Dopée par le e-commerce, la course à l’implantation d’entrepôts explose et devient un véritable challenge pour les acteurs du secteur et un nouveau défi de la logistique urbaine. Etat des lieux d’un marché en plein essor à l’échelle du sillon alpin.
Un enjeu aussi bien économique qu’écologique
Quand on sait à quel point le délai de livraison représente un élément crucial dans le processus d’achat d’un internaute – on considère que 50% des consommateurs français ont déjà abandonné leur panier à cause de conditions de livraisons jugées insatisfaisantes (source : Fédération de l’E-commerce et de la Vente à Distance – FEVAD) – on comprend mieux pourquoi l’amélioration de la chaîne de distribution passe par une meilleure gestion de la logistique et tout particulièrement celle du dernier kilomètre.
Cette dernière étape du circuit s’effectue lorsque le colis passe du transporteur de marchandises en gros volume à la livraison au destinataire final.
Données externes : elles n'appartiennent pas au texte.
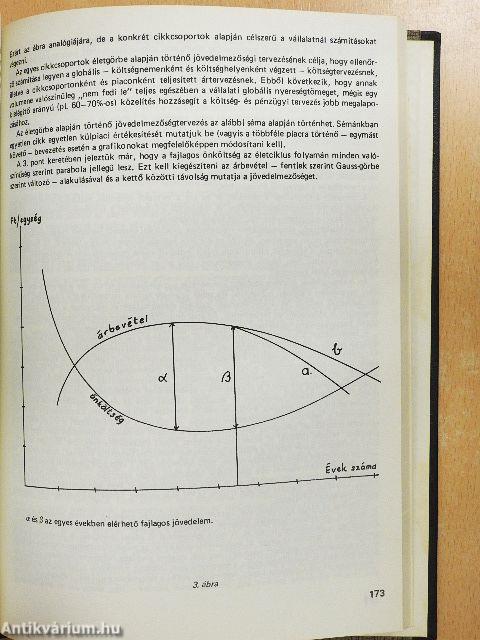 Iparvállalati tervezés II.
Ce tout petit dernier kilomètre pèse à lui seul 25% du coût global de la chaîne de distribution notamment en ce qui concerne les biens de consommation grand public et il concentre 30% des émissions de gaz à effet de serre. Côté trafic, il monopolise 20% de ce dernier dans la plupart des villes françaises.
Dès lors, gérer l’acheminement des marchandises en ville devient un véritable casse-tête pour les logisticiens et les transporteurs. D’autant que la livraison en 24/48 heures devient le nouveau standard de la vente à distance. Il faut désormais livrer vite tout en réduisant l’impact financier et environnemental.
A la recherche du foncier logistique
Même si de multiples stratégies visent à diminuer l’impact de la logistique du dernier kilomètre (dépôts urbains, entrepôts à étages, véhicules propres, alliances avec le commerce physique …), il n’en reste pas moins que le besoin de plates-formes et d’espaces de stockage demeure, voire augmente. D’autant plus dans les zones très sollicitées où le foncier est rare et où les collectivités locales regardent l’arrivée d’entrepôts avec un œil circonspect par peur des nuisances (sonores, stationnements, embouteillages…). L’équipe de consultants Axite CBRE spécialisés dans les locaux d’activité s’accordent à dire que, sur certains secteurs du sillon alpin, répondre à ce besoin s’apparente à une mission impossible.
« Sur l’agglomération de Grenoble la demande explose mais le marché reste tendu, spécialement pour les domaines de la logistique » explique Paul-Olivier Escallier, avant d’ajouter « beaucoup de sollicitations, mais les entreprises ne parviennent pas à s’implanter principalement en raison du plan de prévention des risques, des contraintes topographiques et du faible ratio surfaces/emplois freinant la mise à disposition de terrains pour ce type d’activité. ».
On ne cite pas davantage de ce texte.